▸ BRIEF
Give back every record below word for word, with the pictures omitted.

-- DATA FOR THIS TASK follows --

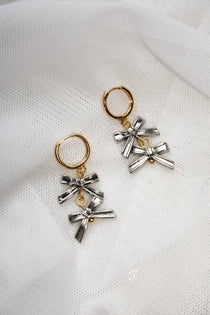 Double Bow Mini Hoops in 18k gold-plated brass with platinum bow charms – Blóma jewellery UK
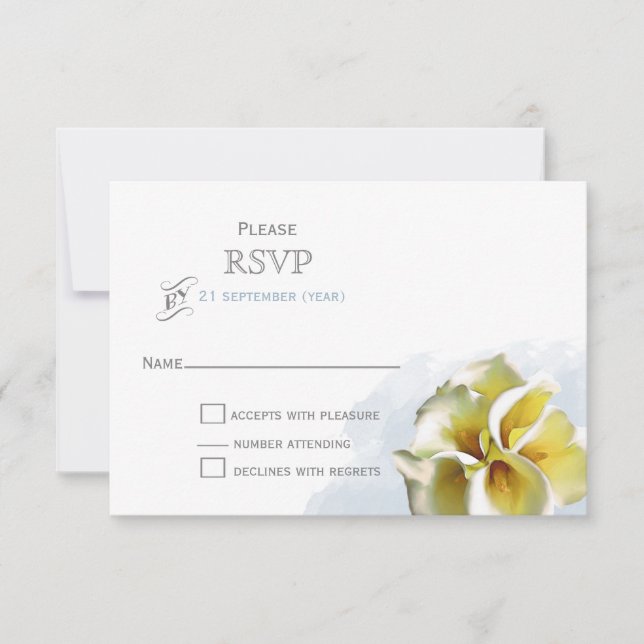 watercolor calla lilies Floral wedding RSVP (Front)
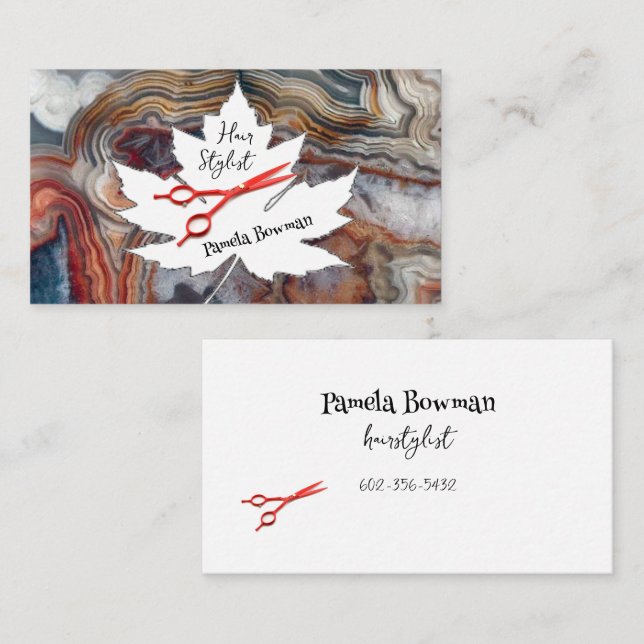 Cartão De Visita Tesoura Vermelha de Pedra de Lace Agate Hairstylis (Frente/Verso)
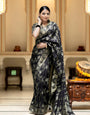 Luxuriant Black Soft Silk Saree With Angelic Blouse Piece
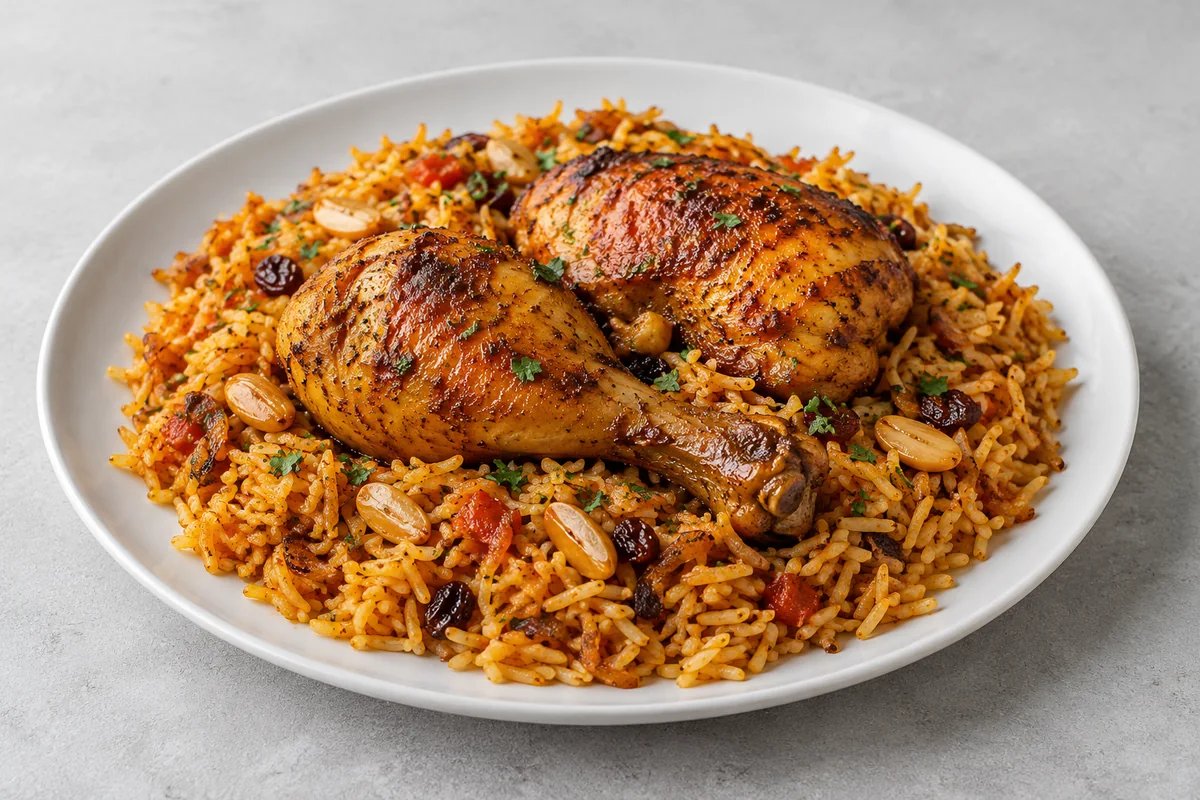 AI-genereret illustration af Kabsa med kylling — AI-illustration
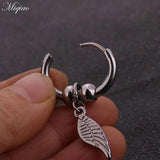 Miqiao 2pcs Feather Pendant Earrings Body Piercing Jewelry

-- DATA FOR THIS TASK concluded --

▸ WORKED SOLUTION
 Double Bow Mini Hoops in 18k gold-plated brass with platinum bow charms – Blóma jewellery UK
 watercolor calla lilies Floral wedding RSVP (Front)
 Cartão De Visita Tesoura Vermelha de Pedra de Lace Agate Hairstylis (Frente/Verso)
 Luxuriant Black Soft Silk Saree With Angelic Blouse Piece
 AI-genereret illustration af Kabsa med kylling — AI-illustration
 Miqiao 2pcs Feather Pendant Earrings Body Piercing Jewelry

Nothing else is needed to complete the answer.